Extracted data entries:
'''
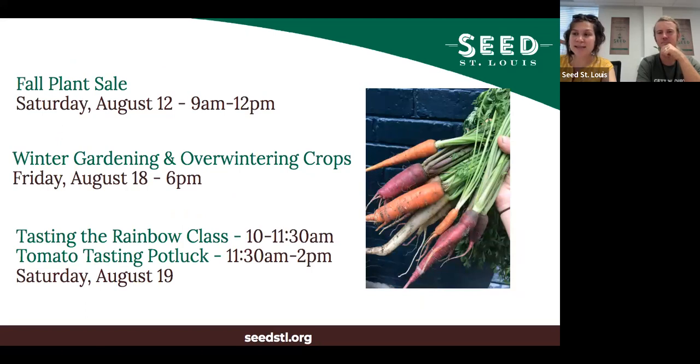That's everything - we'll take a few questions. Some upcoming events: our fall plant sale I mentioned, Dean's winter gardening and overwintering crops class which will cover similar but different ground, and in August we have a 'Tasting the Rainbow' class all about involving children in growing, harvesting, and cooking food, followed by a community potluck at Bell Community Garden.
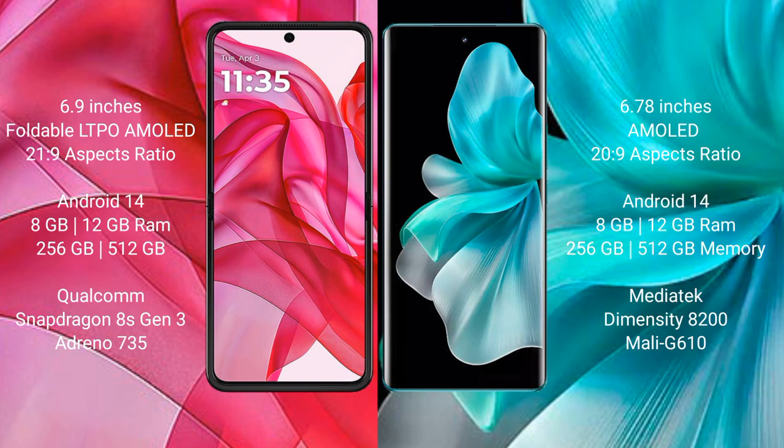The Motorola Razr 50 Ultra comes with 8GB or 12GB of RAM and 256GB internal storage, powered by the Qualcomm Snapdragon 8s Gen 3 processor with an Adreno 735 GPU.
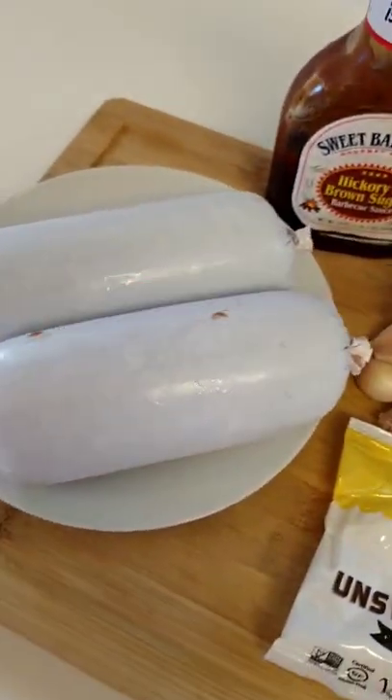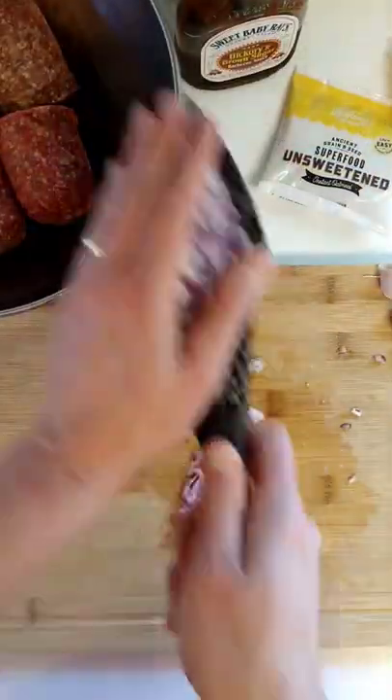I learned a few things when I made this smoked meatloaf. Going to share those with you, plus the recipe at the end.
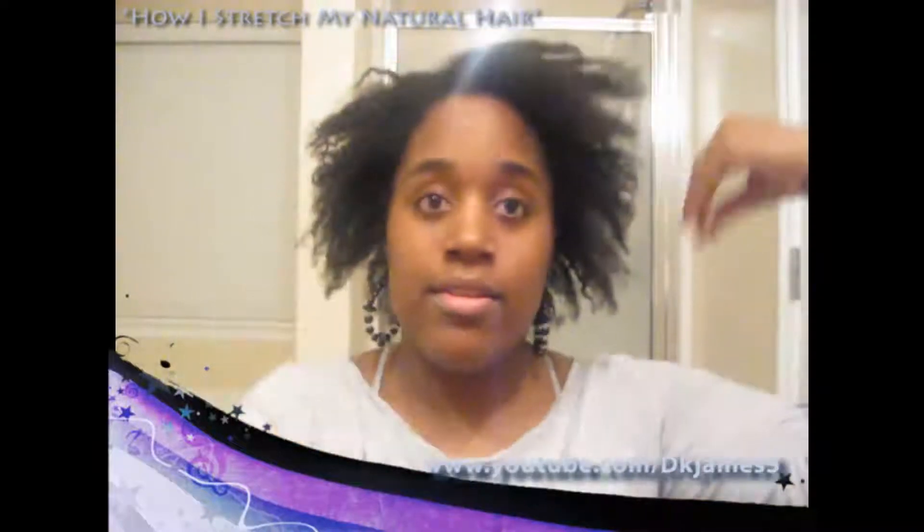So this is from yesterday from me banding — I call it stretching. Normally to stretch I might put it in twists, but last night I thought instead of twists, I'm going to start like a twist and then just get one of these bands and go all the way down. But first, of course, I moisturize and seal.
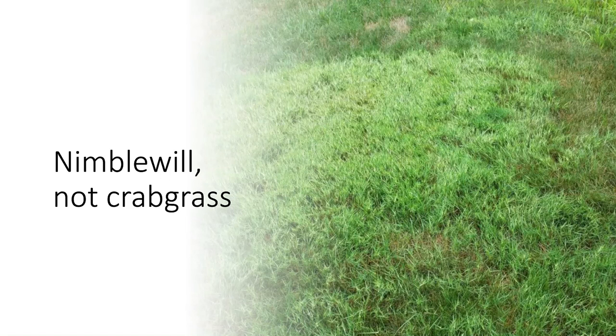It's very common in this area and is often confused with crabgrass. If you're seeing brown areas in your lawn, it's not crabgrass this time of year in the spring. It's more than likely nimblewill.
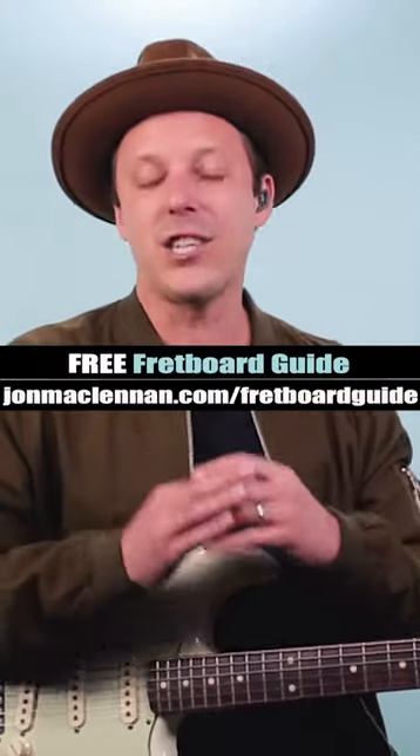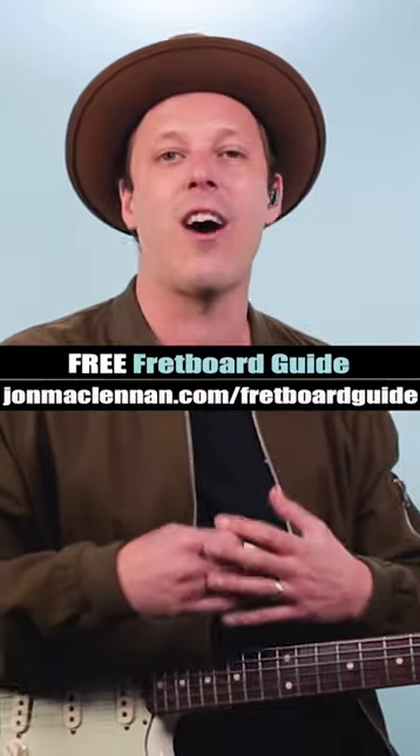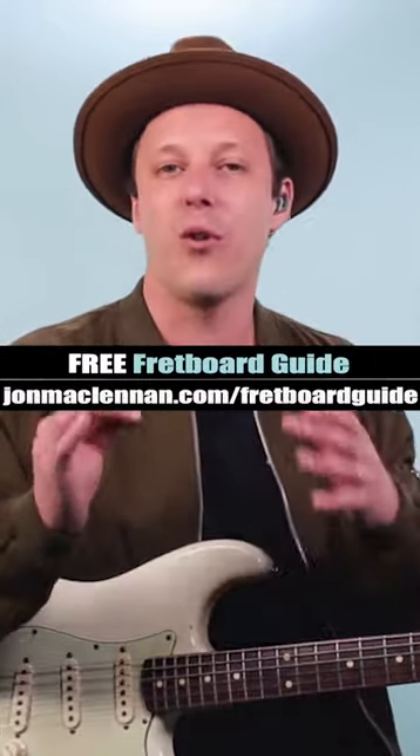Now that riff actually comes out of something called the pentatonic scale. To learn how I lay this out on the entire fretboard and create your own riffs like this,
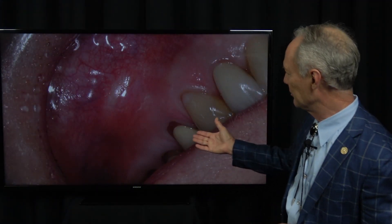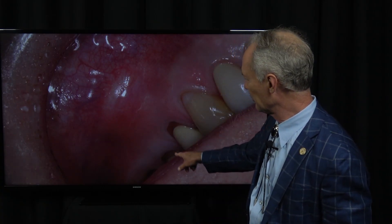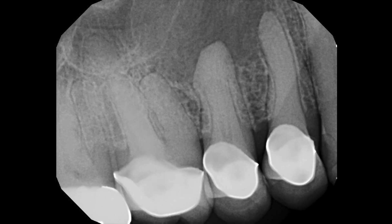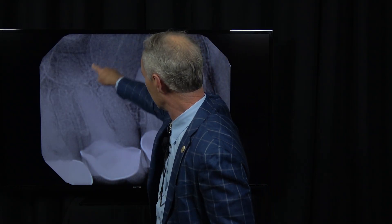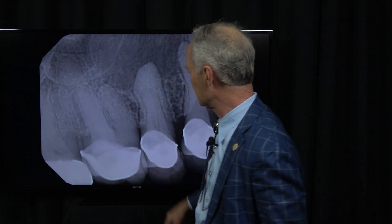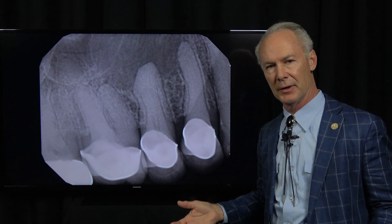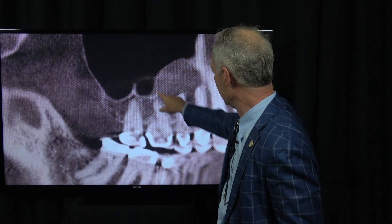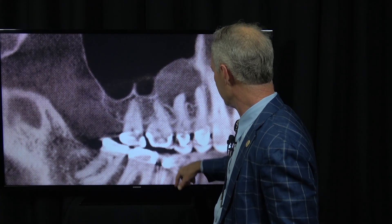This lady had a big abscess apical to the upper right bicuspid teeth. You can see the swelling right here. We took a periapical radiograph. You can see the radiolucency right here — it's a large radiolucency. To be sure of the extent of the lesion, we also had a cone beam taken. You can see this is quite a large lesion at the apex of both the bicuspid teeth.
'''
Repeat exactly the line containing "Now that riff" and every line after it through the end of the records, and nothing else. Leave the pictures out.

### RESPONSE AREA
Now that riff actually comes out of something called the pentatonic scale. To learn how I lay this out on the entire fretboard and create your own riffs like this,
This lady had a big abscess apical to the upper right bicuspid teeth. You can see the swelling right here. We took a periapical radiograph. You can see the radiolucency right here — it's a large radiolucency. To be sure of the extent of the lesion, we also had a cone beam taken. You can see this is quite a large lesion at the apex of both the bicuspid teeth.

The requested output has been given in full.